使用ツールのバージョンなどは、ページ制作時点(2002/2)のものです。

敦煌出土玄宗御注本 (敦煌御注本)【御】

正統道藏慕字号道徳經古本篇 (傅奕本)【傅】

日本江戸明和七年宇佐美灊水校刊王弼注本 (明和本)【王】

明和王弼本明和王弼本このサイトで掲載している『老子』の底本です。
郭店本と帛書本の両出土資料を除けば、現存する『老子』は概ね三つの系統に大別することが出来ます。前掲の河上公本、傅奕本、そしてこの王弼本です。

今本中で最も精善なテキストを提供しているとされている河上公注本ですが、既述の通り、河上公という人物自体謎が多く、その成立は一般に南北朝頃であるとされています。そのような事情もあって、この王弼注本は既存の注本の中で最も伝承の古い伝本ということになっています。王弼は三国・魏の人で、『周易』と『老子』に注解を加えた人物として知られ、特にそれまで卜筮の実用書と見なされてきた『周易』については、王弼に至って初めて学問として科学的に批判されるようになりました(『魏書』鍾會傳裴注に孫盛の興味深い批判があります)。『老子』の注についても、おしなべて河上公の注よりも評価が高く、テキストは河上公、注釈は王弼と分けて利用している研究者も多いようです。ただ逆に言えば、テキストとしては、質的にも量(バリエーション)的にも河上公本に劣るので、利用に際しては、やはり相互に参照するか、用途に応じてテキストを使い分けることが望ましいでしょう。王弼の略歴は晉の何劭の記した伝記が『魏書』鍾會傳の裴注に引かれています。

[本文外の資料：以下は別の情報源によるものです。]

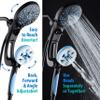 Hotel Spa AquaCare High Pressure 6-in-1 Aquassage 76-mode 3-way Combo, Showerhead, Hand Shower, Body Brush, Hair Brush & Arm in One Two Brackets, Extra-long 6 foot Hose, Brush Head Holder view 3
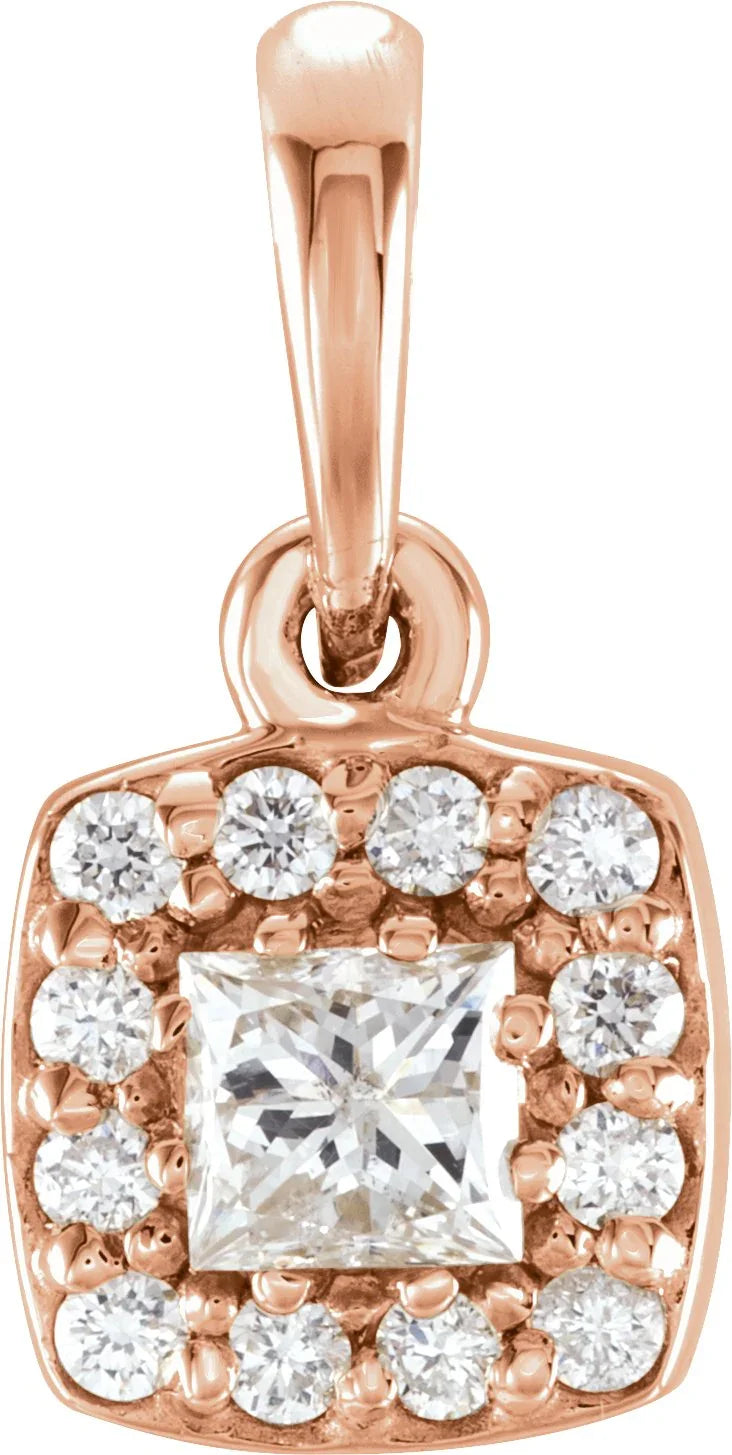 14K Rose 1/4 CTW Natural Diamond Pendant 652193:60002:P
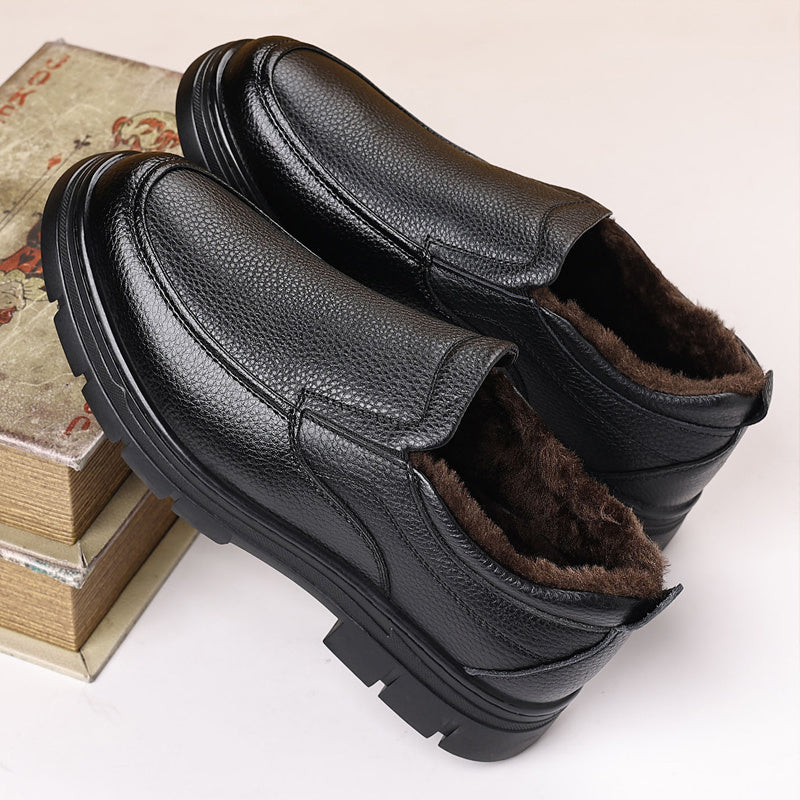 Men's Casual Leather Loafers with Warm Winter Interior
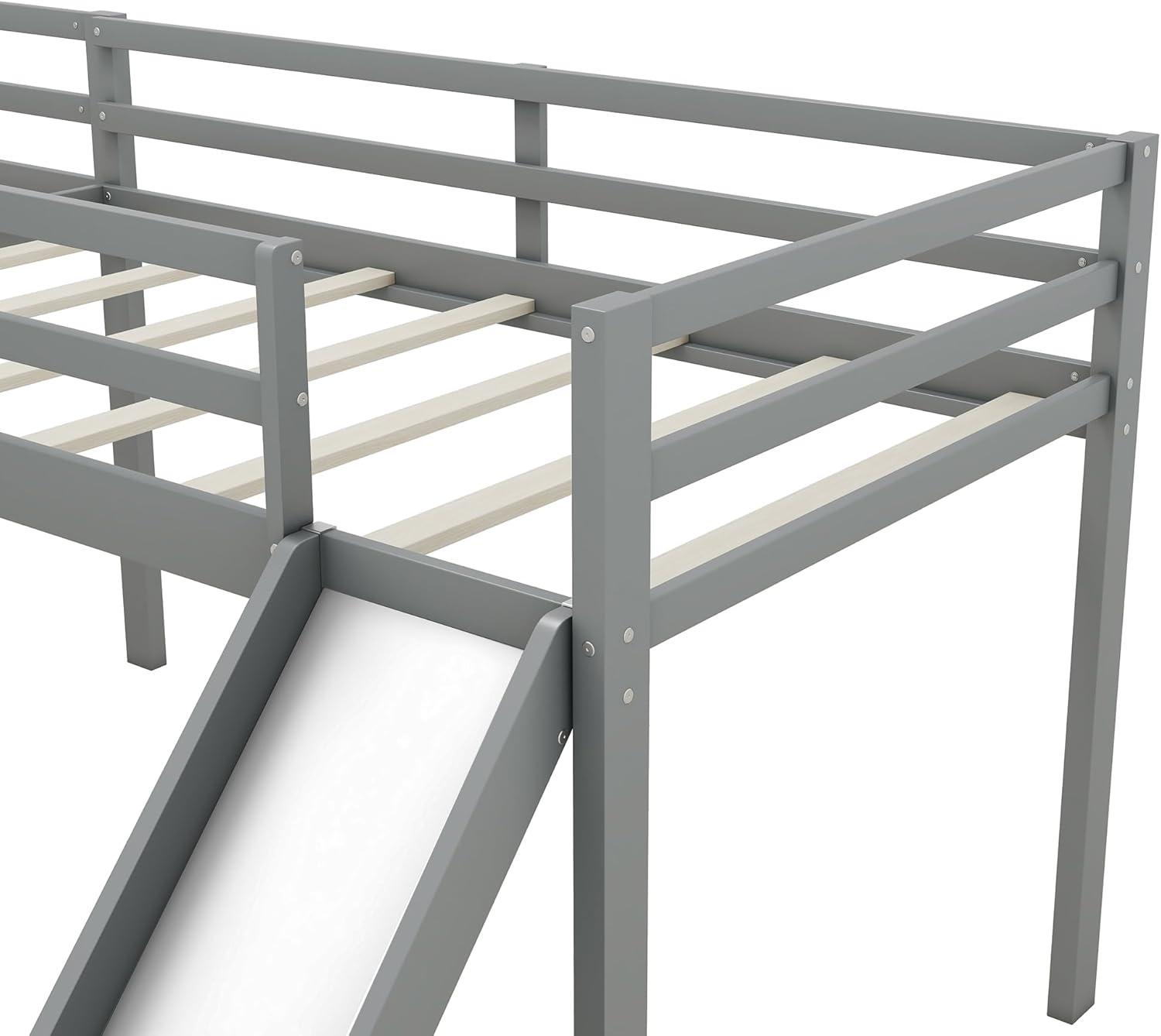 Harper & Bright Designs L-Shaped Loft Bed with Slide, Wooden Low Loft Beds for 2 Kids, Twin Size Low Loft Bed with Built-in Ladders, Gray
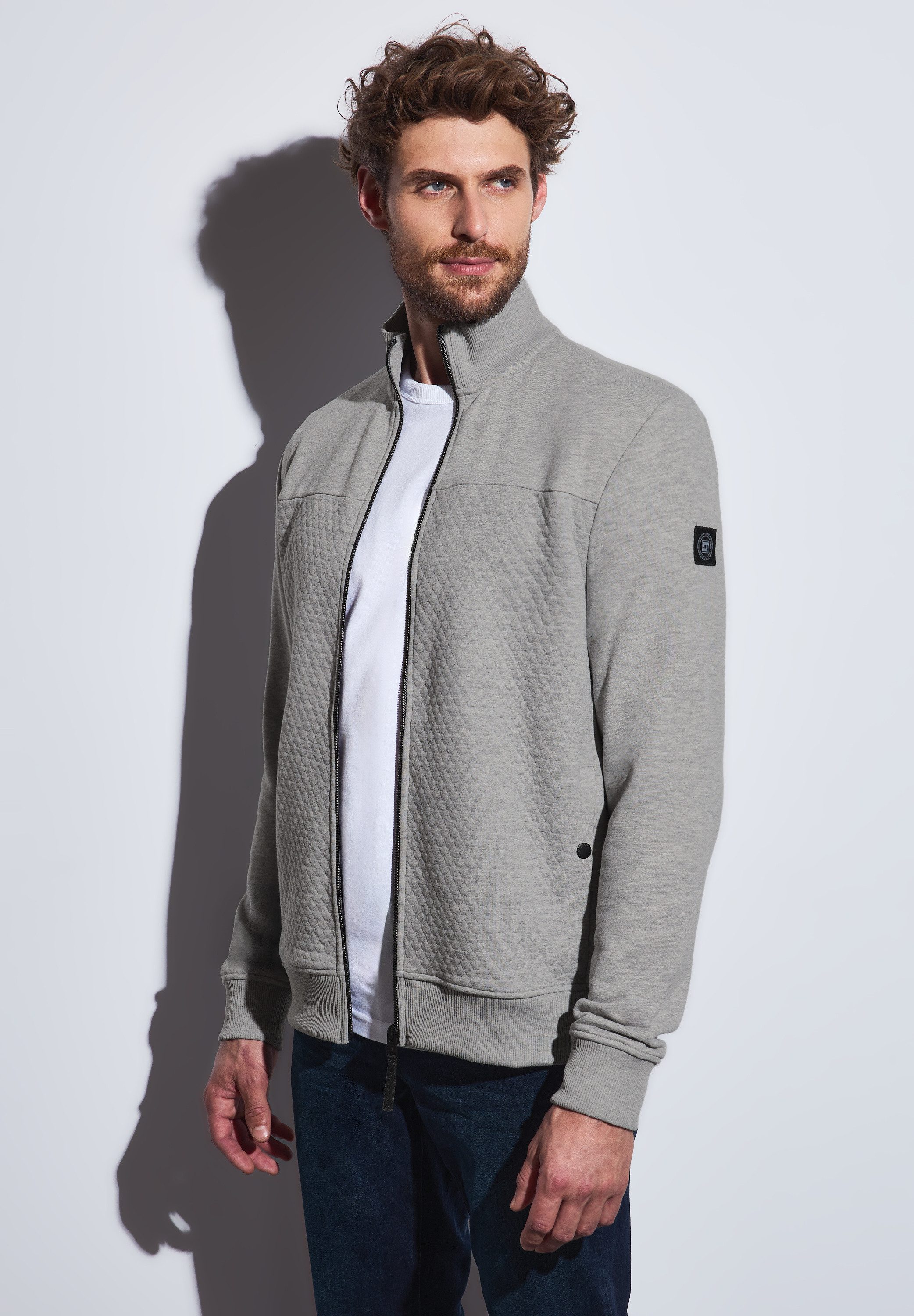 STREET ONE MEN Sweatjacke mit Stehkragen günstig online kaufen
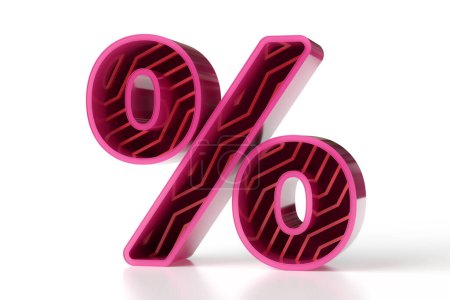 Photo for 3D metallic percent symbol in bright pink and red colors scheme. Futuristic tech-style typography. High resolution 3D rendering. - Royalty Free Image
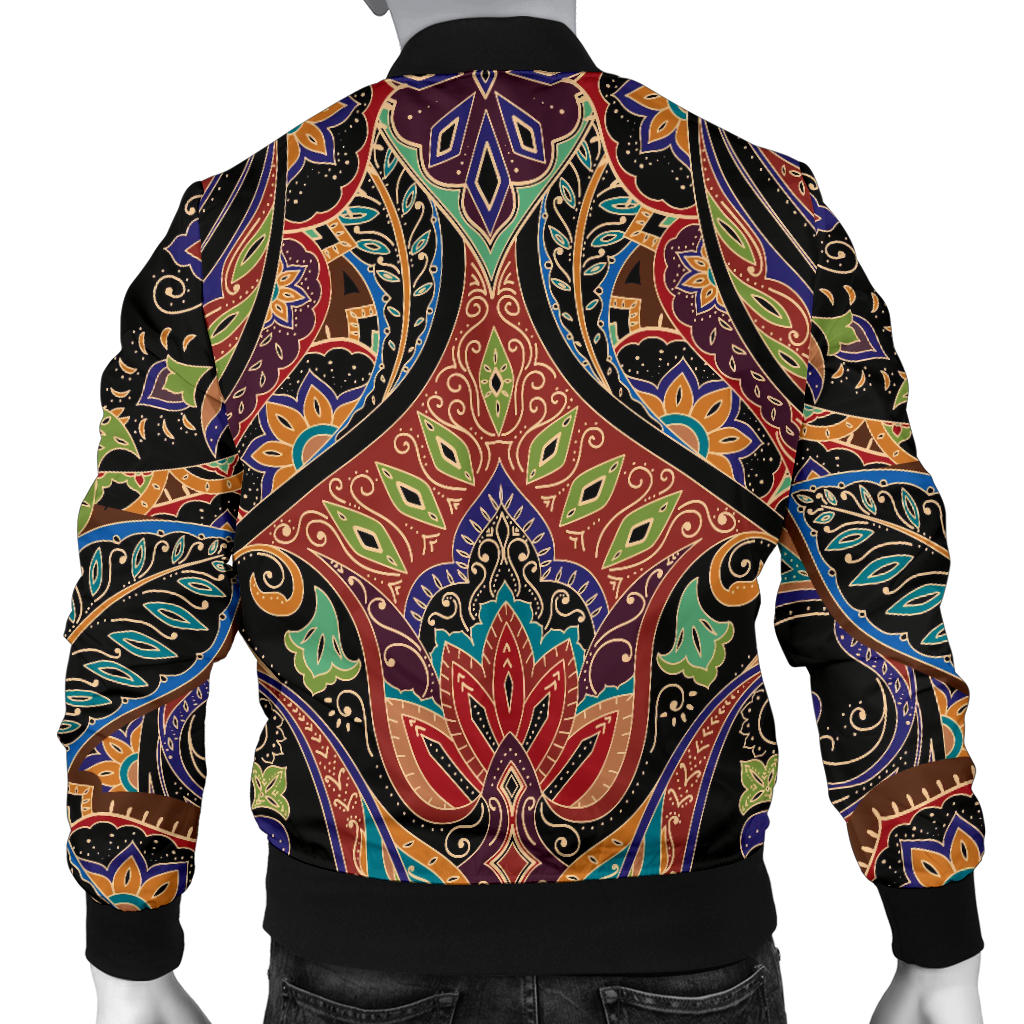 Bohemian Pattern Print Design 06 Men Bomber Jacket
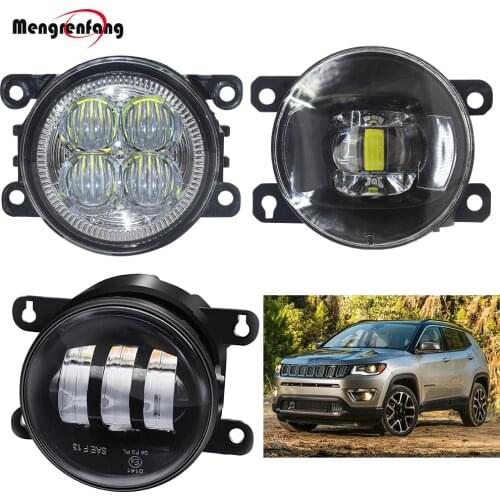 Car LED Lens Fog Light Accessories For Jeep Compass MP 2017 2018 Front Bumper Fog Lamp Daytime Running Light DRL 12V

彼は若年時から『論語集解』の何晏に見出されて高く評価されましたが、24歳の若さで「癘疾」(ハンセン病)により没したとされています。

王弼本は、中国で刊行されたものでは道藏本と殿本(武英殿本)が一般的ですが、日本の江戸時代の明和年間に上総の宇佐美灊水(うさみしんすい)によって校刊された、所謂「明和本」が最も優れているとされています。宇佐美灊水は、荻生徂徠(おぎゅうそらい)の門弟で、古文辞学派の流れに属する漢学者です(*)。我が国の江戸時代の儒学界において、朱熹の『四書集註』に代表される宋儒の「新註」がもてはやされたのは周知の事実ですが、『老子』にもやはり「新註」と呼ばれるものがあって、それが宋の林希逸の『老子口義(ろうしくぎ)』という注釈書でした(『老子口義』は林希逸の書斎名を取って「鬳齋(老子)口義(けんさいくぎ)」とも呼ばれます。猶、林希逸には他に『莊子口義』や『列子口義』もあり、これらを総称して「三子口義」といいます)。この林希逸『口義』は、『老子』を儒教と関連づける点に最大の特徴があり、朱子学全盛の江戸時代に最も流行した『老子』の注本となりましたが、灊水は徂徠門下ですから、新註の『口義』よりも古学を貴んで王弼注を選択します。しかし王弼本は灊水自身も「王註今本多亂脱、無善本可取正」(宇佐美灊水「刻老子王註序」)と嘆いているように既に善本がなく、この短所を補うべく、灊水は明の焦竑の『老子考異』や孫鑛の『老子古今文考正』を標注として加え、更に陸徳明の音義を王注の後に附すなど、極力異文照会の便宜を図っています。残念ながら齋主所蔵の明和本は初印本ではなく、とても状態が良いとは言えませんが、現在網上で公開されている『老子』のテキストが河上公本が主体ということもあって、王弼本中最善とされるこの本を公開することに、いささかの意義を見出した訳です。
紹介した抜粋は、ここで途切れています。